Falling off the Face of the Earth
Falling off the Face of the Earth was the flipside to Face Front. It was about looking forward in pleasant anticipation and groundedness; about being poised on the edge of something and plunging on into it, with no expectations.
No Wine of This World can warm me
No Wine of This World can warm me – an improvisation largely to play with a new chorus pedal, it built rather well into something I’m fond of – an ebb and flow of tensions
Glue haze
Glue haze was a kind of picture of contentedness, a warm opiate glow where everything’s more or less OK
A Fistful of Squalor
A Fistful of Squalor was intended as another big, dumb, swaggering track with a bad attitude. Was also the first time I’d tried using an ebow on a bass guitar.
Tilting at Windmills
Tilting at Windmills is a rare play with synthesisers – made in Reaktor and processed in Sonar. I wanted to make something that felt very fleeting and hard to pin down, but using pop chords – there’s a Mary Chain style chord progression under it, but very slow and processed to hell so that you can hardly pick it out.
Quicksand in E Minor
Quicksand in E Minor was an improvisation without drums of any kind, built over a resigned-sounding bassline.
Liebfraumilch
Liebfraumilch – I carried this around in my head for a good while before recording it. It’s a slightly chilly spring day, I don’t know what’s going to happen next and I don’t have that much control over it.
Slow Gin
Slow Gin – creeping dread and reticence.
Flies and Spiders
Flies and Spiders – layered acoustic, at a time when I was using less electric and trying to build the sounds up with processed acoustic washes. I find this rather heavy going and oppresive now.
Telephones are falling.
The title comes from a quote by my daughter Daisy, then aged two – ‘telephones are falling down, falling down, falling down; telephones are falling down, my fair shark’.

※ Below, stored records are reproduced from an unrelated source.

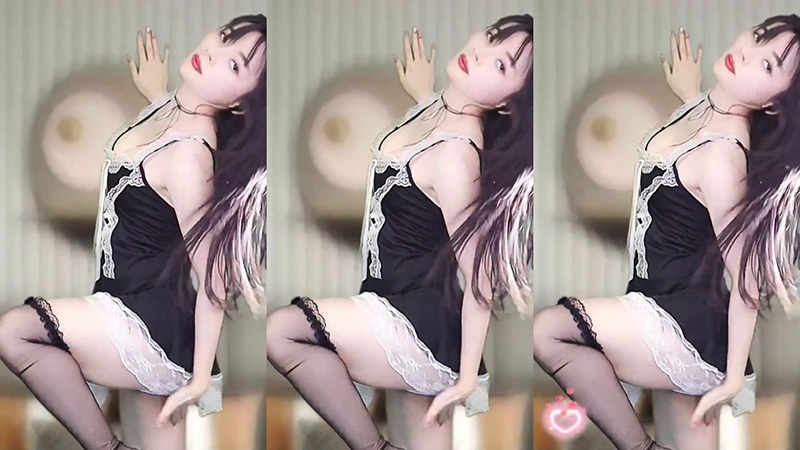 网易CC主播湖南李飘飘220829无水抖胸抖臀热舞预览图 3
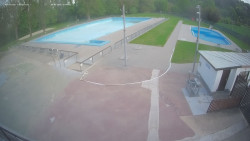 Areál koupaliště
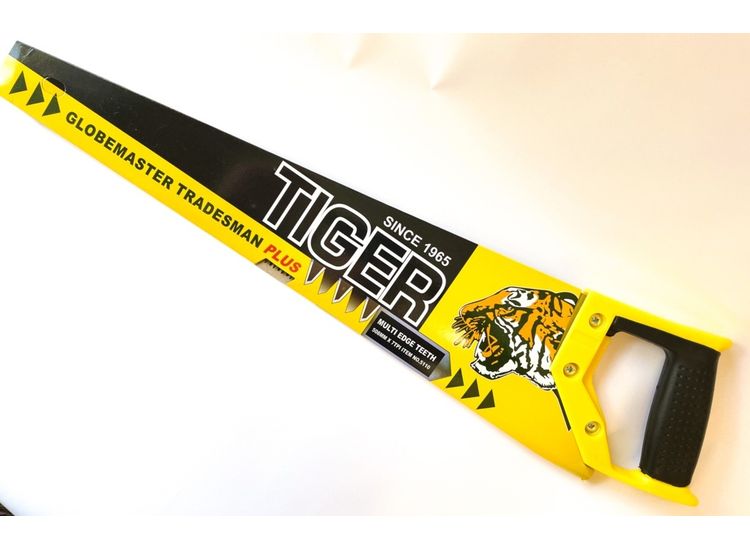 Globemaster Tiger Hardpoint Saw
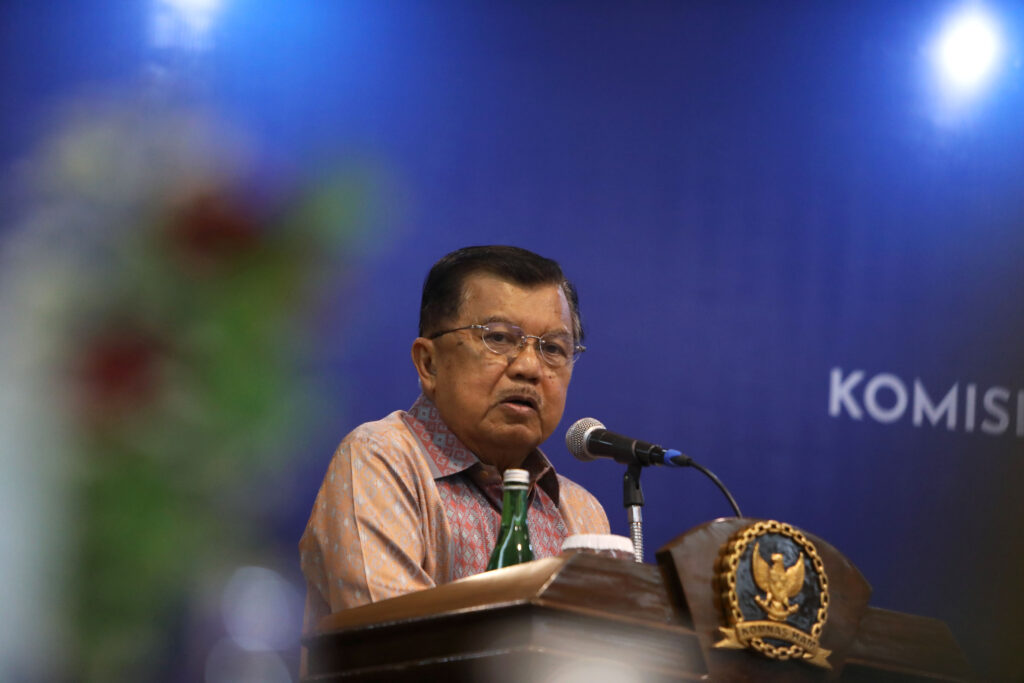 Kala Jusuf Kalla ”Dikepung” Isu Ijazah Jokowi hingga Kasus Penistaan Agama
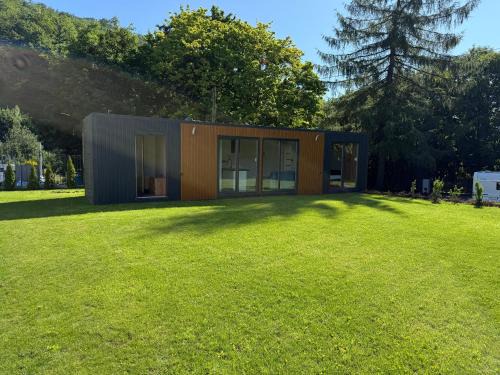 Pieszyce House | Domek z balią w Górach Sowich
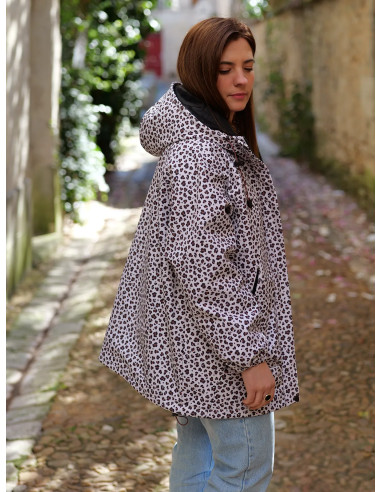 Patron de veste Storm - Ancea Paris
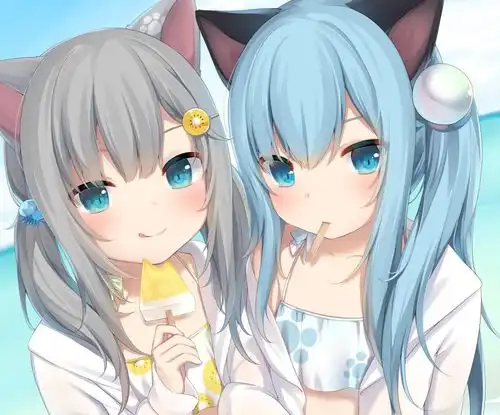 嗷呜兽耳罗丽第十五期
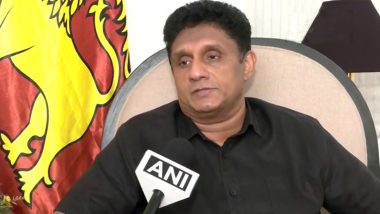 Sri Lanka’s Opposition Leader Sajith Premadasa Withdraws From Race for Presidential Post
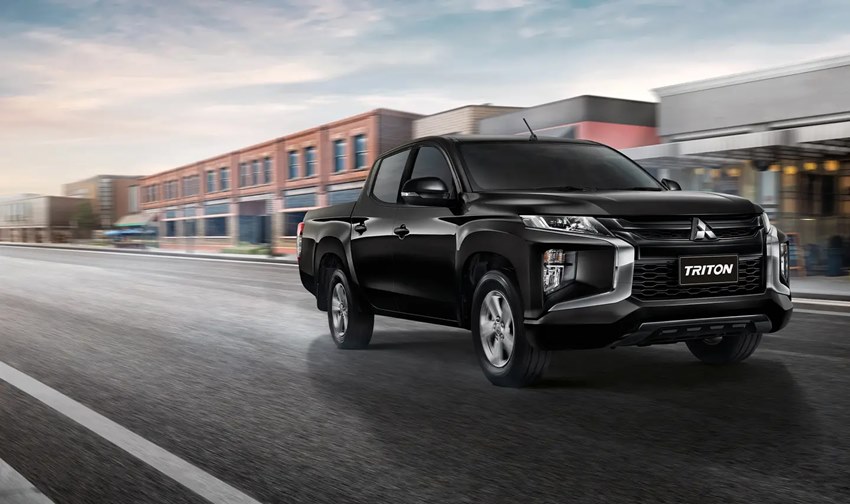 Mitsubishi Triton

There was something Sylvia Plath-esque about that.
Leaving Thin Walls
This was recorded as we were about to move from a house with insanely high ambient noise levels. It’s done entirely with an acoustic guitar, using an ebow for some tracks, which echoed the noise the trains had made outside our windows for three years as they screeched to a halt at the station. It’s a noise I’m happy not to hear now.
Tight Shoes
A kind of Post Punk type thing, used a set of Boss Dr Rhythm samples for old times’ sake, still have the old machine in the garage and keep getting tempted to get it out and use it. Used to love the big snare it had.
Some Song or Other
An early recording, but it has a fair amount of emotion in it. And ebows. Ebows are always good.